What needs to be done: Give the lines below again, exactly as they stand, and leave out the images.

**** Exercise data

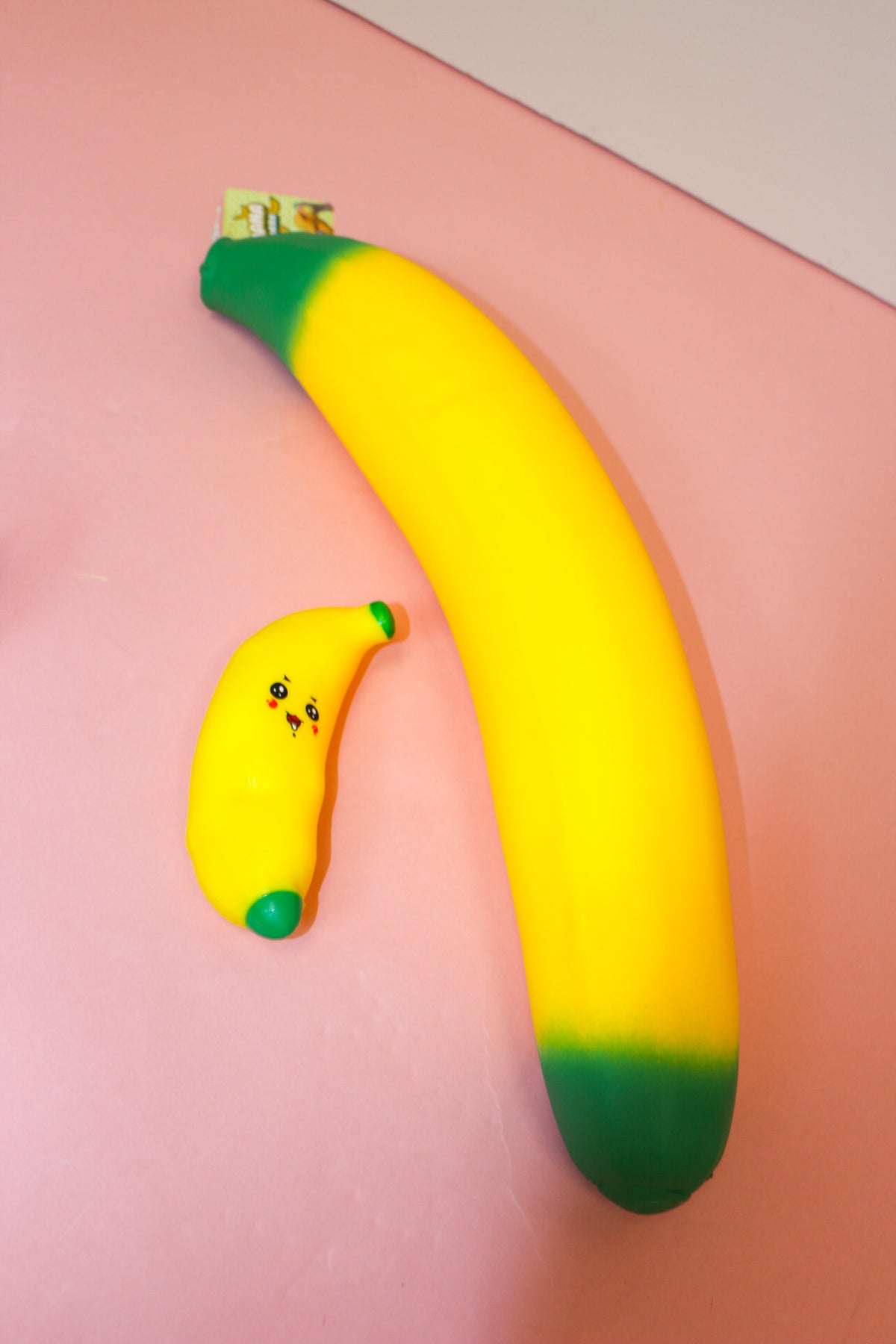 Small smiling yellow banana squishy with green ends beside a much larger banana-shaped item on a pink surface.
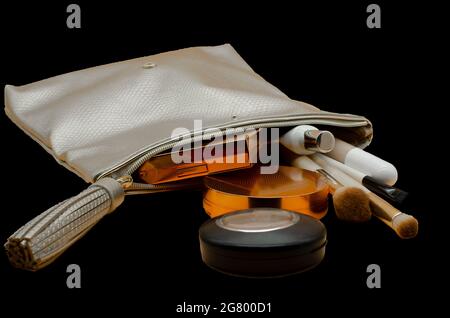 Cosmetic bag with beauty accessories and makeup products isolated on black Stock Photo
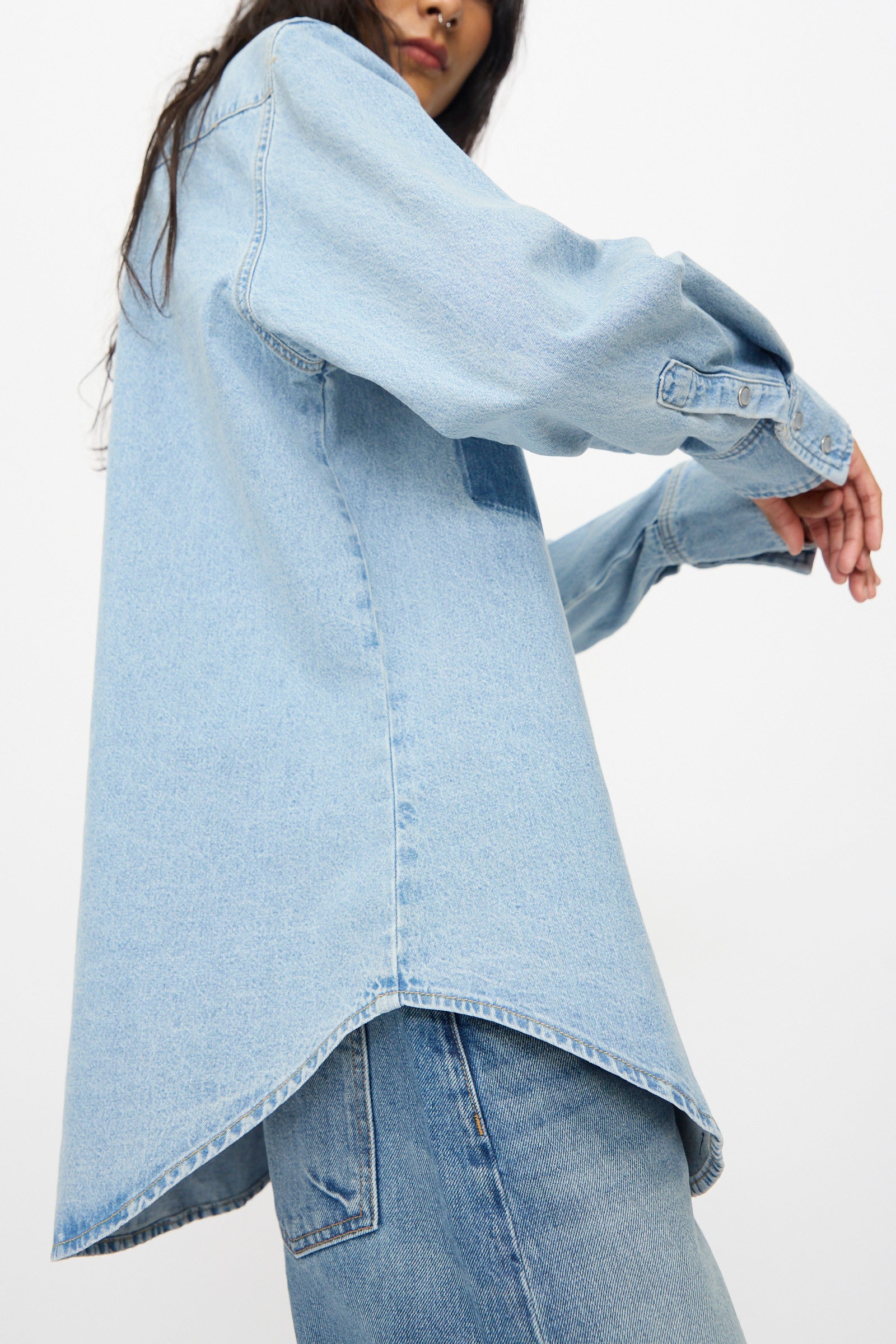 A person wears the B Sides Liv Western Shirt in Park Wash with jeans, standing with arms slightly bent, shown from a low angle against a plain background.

********

Solution:
 Small smiling yellow banana squishy with green ends beside a much larger banana-shaped item on a pink surface.
 Cosmetic bag with beauty accessories and makeup products isolated on black Stock Photo
 A person wears the B Sides Liv Western Shirt in Park Wash with jeans, standing with arms slightly bent, shown from a low angle against a plain background.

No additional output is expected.